Is this really from real world experience? And is that only in certain conditions?

My experience is really the opposite from this. Thrashing was a normal occurrence on my desktop, where it went into non-recovery and a manual hard reset.

And also, with 16GB ram and 4GB swap, my running applications got moved to swap. Switching tabs in Firefox will be slow because it has to come from swap. My swappiness was set to 1 that it shouldn't swap, but it did swap always.

Now without swap and using early_oom everything is fine. When I see in /proc/vmstat that there has been a kill, it is time to reboot.

On my laptop though, my usecase is different. It only has 2GB ram, so I prefer swap over a hard kill. And I reboot it more than once a day if I am using it.

blueflow · on June 16, 2024

Yes, i learned it the hard way when debugging production outages.
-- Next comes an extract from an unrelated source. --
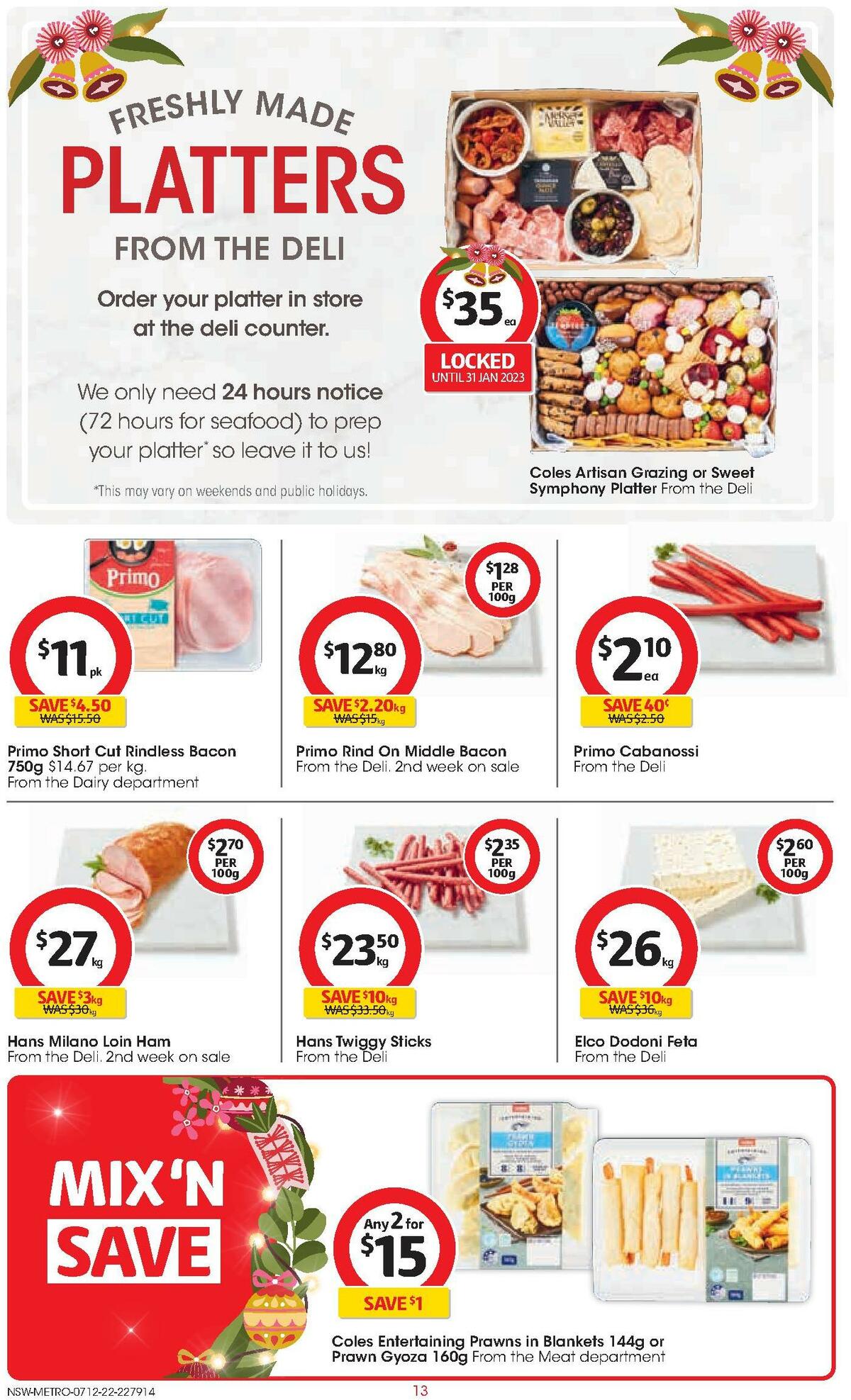 Coles Catalogues from 7 December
Gitlab's Praefact recommended VM sizes were too small for our usecase and we had, per provisioning defaults, no swap on all machines. 150 MB of binaries in virtual memory, only 50 MB disk cache left, this is where it made click for me.
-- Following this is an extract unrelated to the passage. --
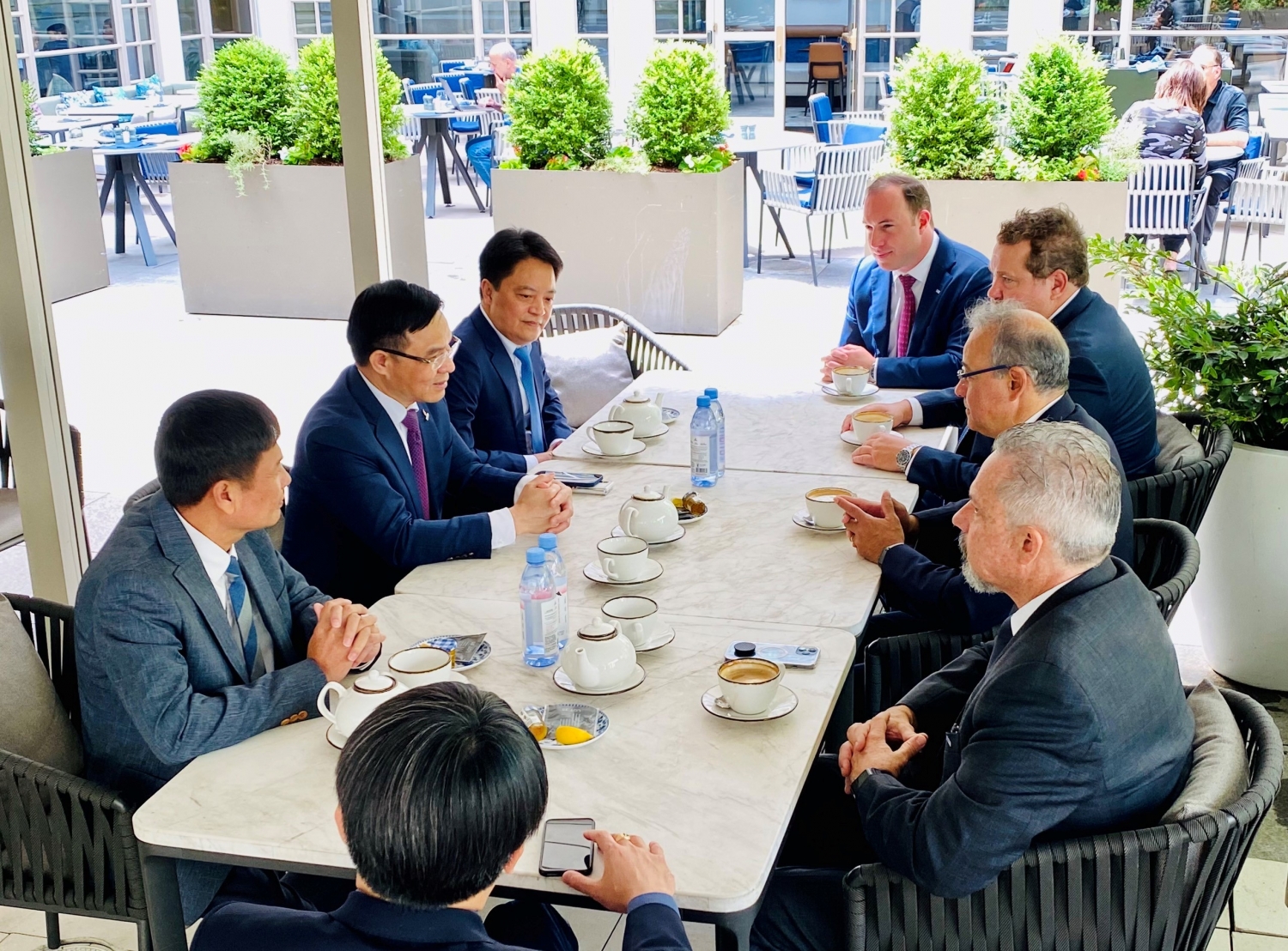 Petrovietnam và các tập đoàn năng lượng Hoa Kỳ thúc đẩy phát triển nhiều dự án hợp tác lớn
If you want a hard OOM kill, i don't know. I'm only talking about the I/O lockup that happens in these situations.

mpol · on June 16, 2024

Thank you. So ram was quite minimal, just barely enough to run the applications, and almost none left for disk io. On my laptop that is the same situation. On my desktop however, I have way more ram than needed to run the applications. So I assume it is dependent on the situation if you want (need) swap or not.

wbkang · on June 16, 2024

This is the correct answer that needs to be at the top. No swap doesn't mean OOM killer magically kicks in earlier. It just means the anonymous memory has no where to go and your executable pages get evicted and then you are really hosed.
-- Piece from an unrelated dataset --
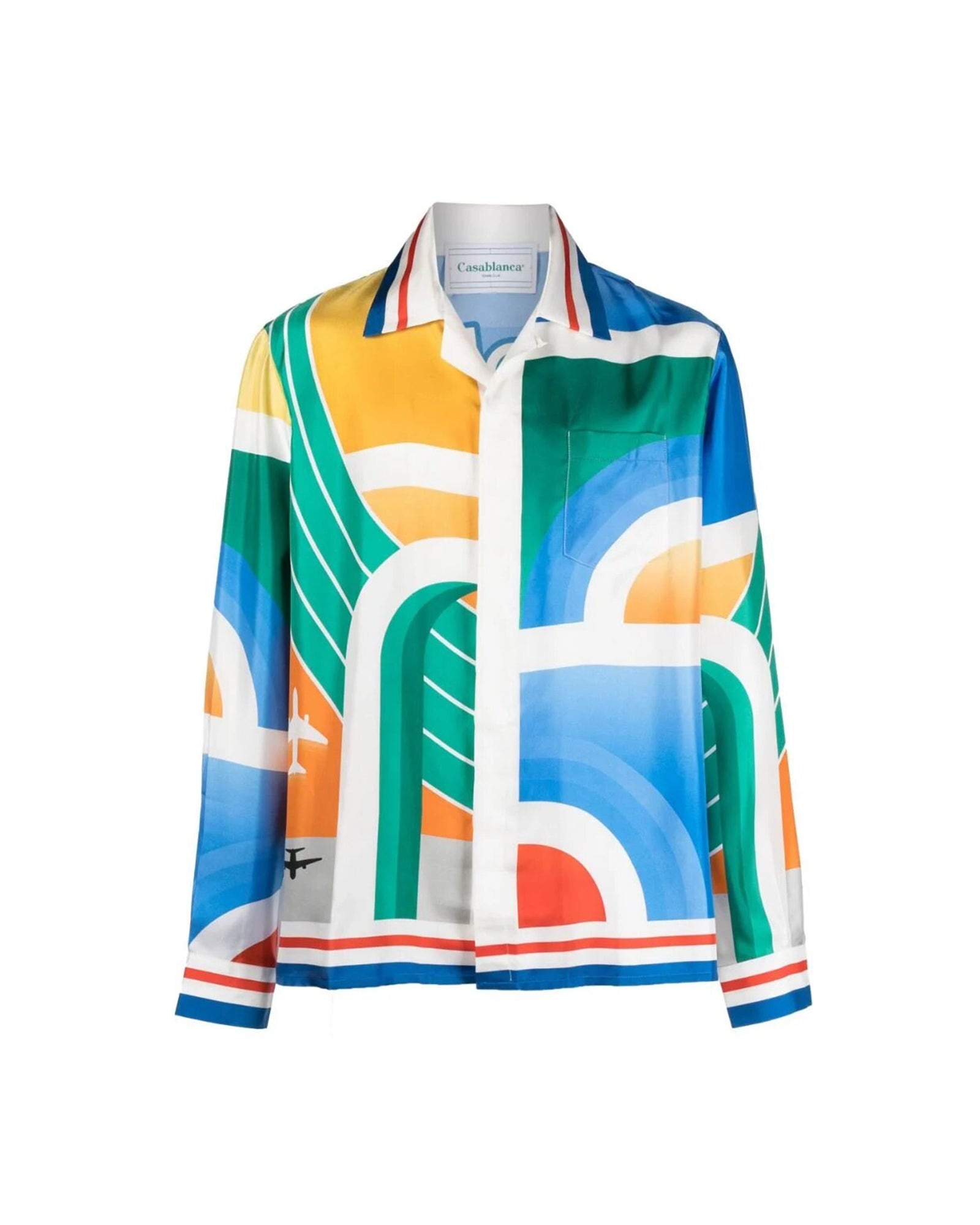 L' Aeroport Silk Shirt - 1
more_corn · on June 16, 2024

And the machine crashes which in production environments is far preferable to dog slow.

blueflow · on June 16, 2024

Unfortunately no crash. This is the dog slow case. Too slow for an SSH session to be able to start. But the machine might catch itself and get back onto tracks without an OOM happening.

lokar · on June 16, 2024

If you turn off swap (which I do for large fleets of highly uniform and tightly managed systems) you should also mlock your executable pages.

blueflow · on June 16, 2024

I went with enabling swap and monitoring for page pressure. In the end of the day the disk cache for the application data is also highly performance critical.

blueflow · on June 16, 2024

How the lock-up looks in practice: RAM is mostly full with heap/stacks, there are a few MB available for disk cache and all processes fight each other to have their own code mapped into the remaining MB. Reading disk I/O is fully saturated at this point.